Irit Lillian, Irit Lilian ile yaptığı özel röportajda, “Bu normalleşme sürecine kuvvetle inanıyorum, çünkü bunun iki ülke arasındaki ilişkilerin yeni zirvelere çıkmasını sağlayacak bir kapı olduğuna inanıyorum.” dedi. Anadolu Ajansı.
Türkiye ve İsrail, yıllardır ilk kez büyükelçiler göndererek tam diplomatik ilişkilerin yeniden tesis edildiğine dair yakın tarihli tarihi duyuruyla, teknolojiden turizme, savunma sanayilerinden ekonomiye kadar çeşitli alanlarda işbirliğini artırmanın kapılarını araladı.
Lillian, “Tarım, su veya çölleşme gibi çeşitli alanlarda çok geniş bir işbirliği yelpazesi var” dedi.
Türkiye ile İsrail arasındaki ticaret hacmi yaklaşık 8 milyar dolar iken, normalleşme süreci sonucunda bu rakamın 10 milyar dolara kolayca ulaşacağını umuyordu.

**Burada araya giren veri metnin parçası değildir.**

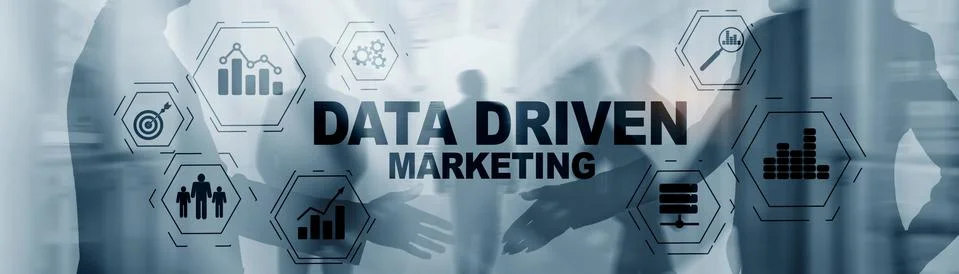 Data driven marketing concept on abstrack toned image. Stock Photos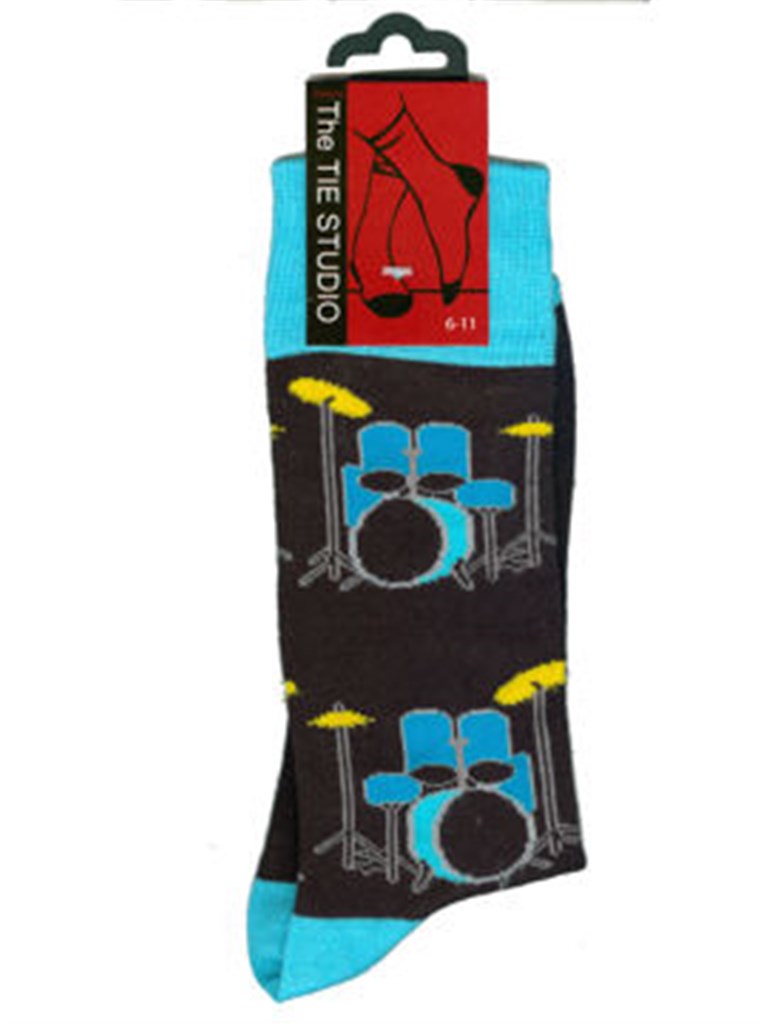 Heren Sokken Blauw & Geel Drumkit (Size 6-11)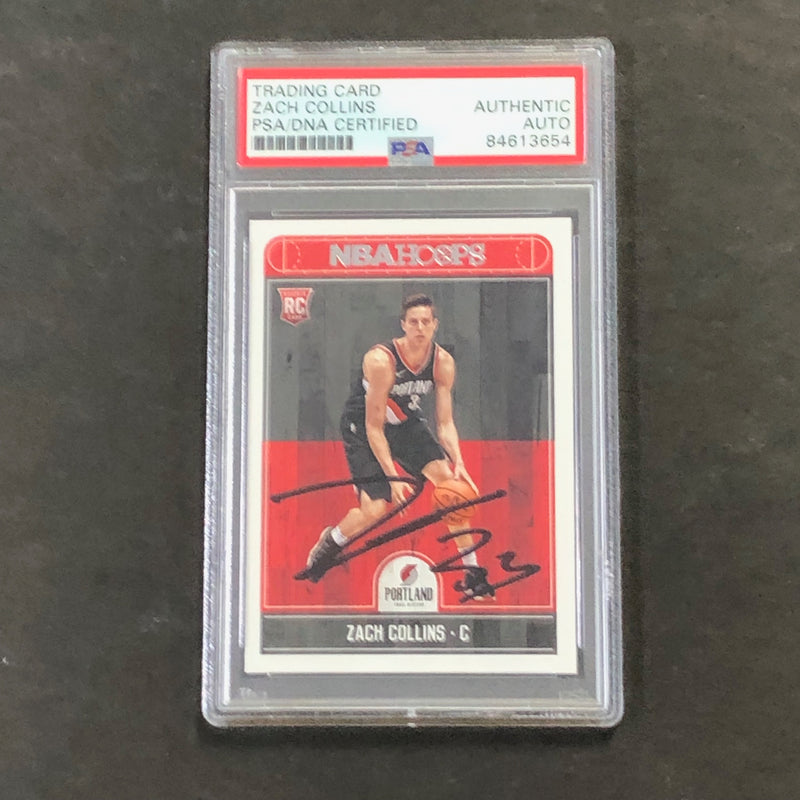 2017-18 NBA Hoops #260 ZACH COLLINS Signed Card AUT0 PSA Slabbed RC Blazers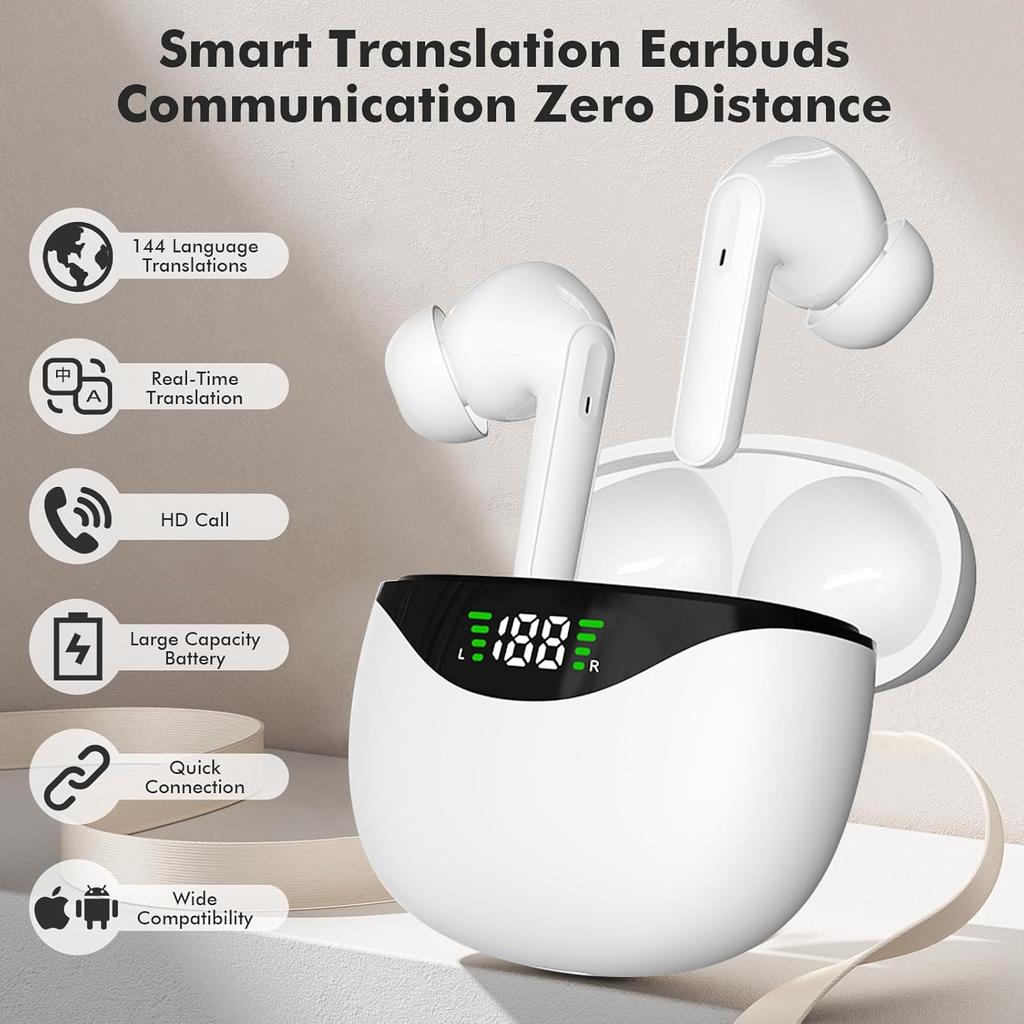 AI Translation Earbuds Translator Earphone 2 Way Language Translator Device Wrieless Headphone 144 Languages Translation Device App for Android iOS
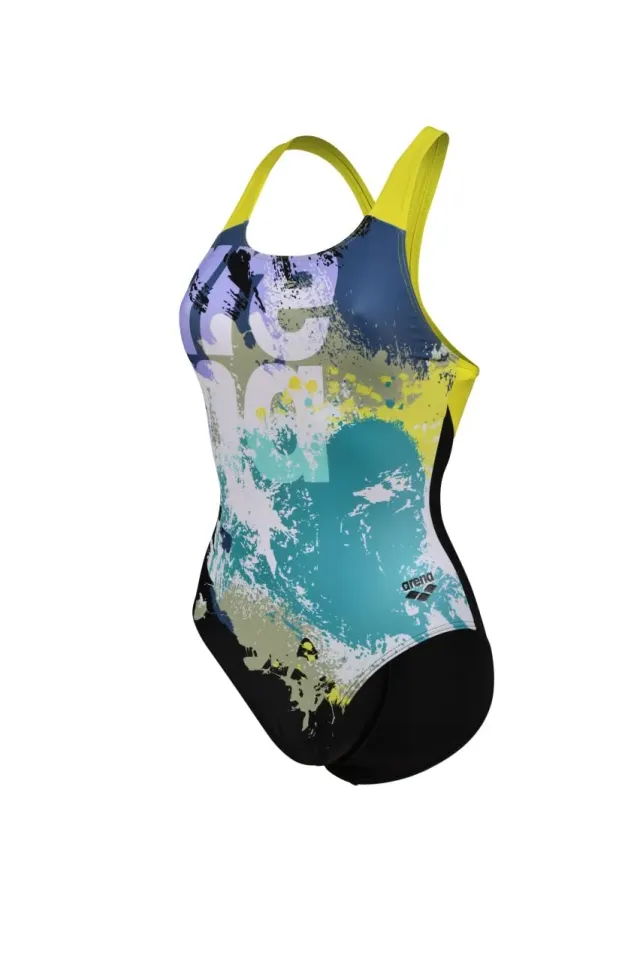 Arena Waves Breaking V Back intero donna nero verde 44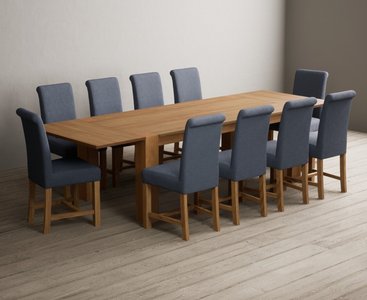 View Extending sheringham 200cm solid oak table with 10 blue braced chairs View Extending sheringham 200cm solid oak table with 10 blue braced chairs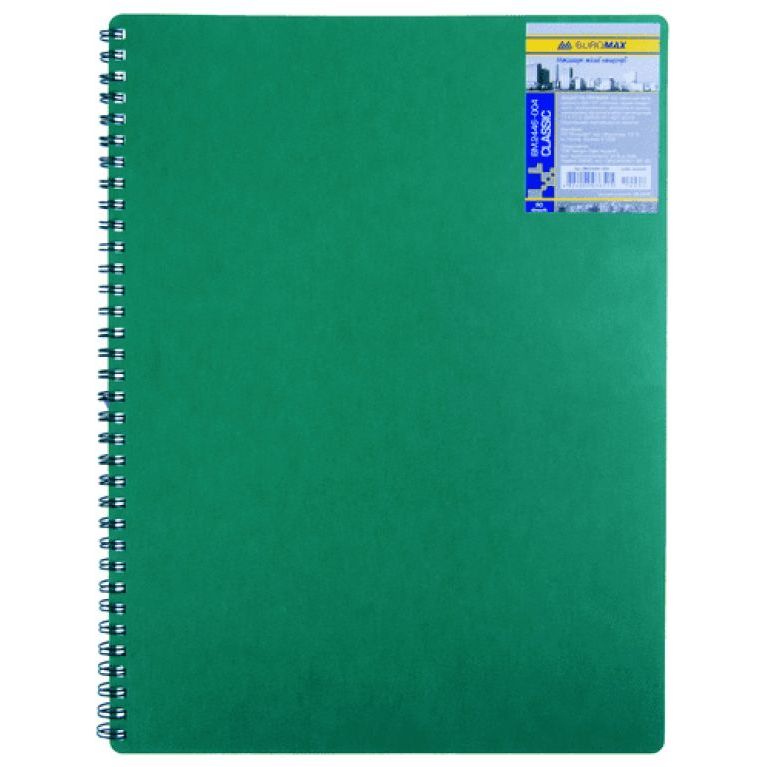 Зошит Buromax Classic на пружині А4, 80 аркушів зелений (BM.2446-004) - фото 1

Turizmle ilgili olarak Lilian, Temmuz ayında imzalanan yeni bir uçuş anlaşmasıyla daha fazla İsrailli havayolunun Türkiye’ye döndüğünü ve İsrailli turistlerin de Türkiye’ye döndüğünü söyledi.
Türk tarafının ilk bakanlık ziyareti
Çeşitli alanlarda yeni adımlar atılması beklentisine yol açan diplomatik ilişkilerin yeniden başladığının açıklanmasıyla birlikte Lilian, ilişkilerin yeniden tesis edilmesinin ardından Türk tarafının İsrail’e yapacağı ilk bakanlar ziyaretinin büyük olasılıkla ekonomik işbirliğine odaklanacağını söyledi.
“Bildiğimiz kadarıyla, üst düzey bir Türk bakanın Kudüs’e giden bir heyete başkanlık etmesi gerekiyor” dedi ve “ekonomi bakanının bu bakanı memnuniyetle karşılayacağını” da sözlerine ekledi.
“Bence bu ilk karşılaşma olacak ama dahası da var. Üzerinde çalışıyoruz.”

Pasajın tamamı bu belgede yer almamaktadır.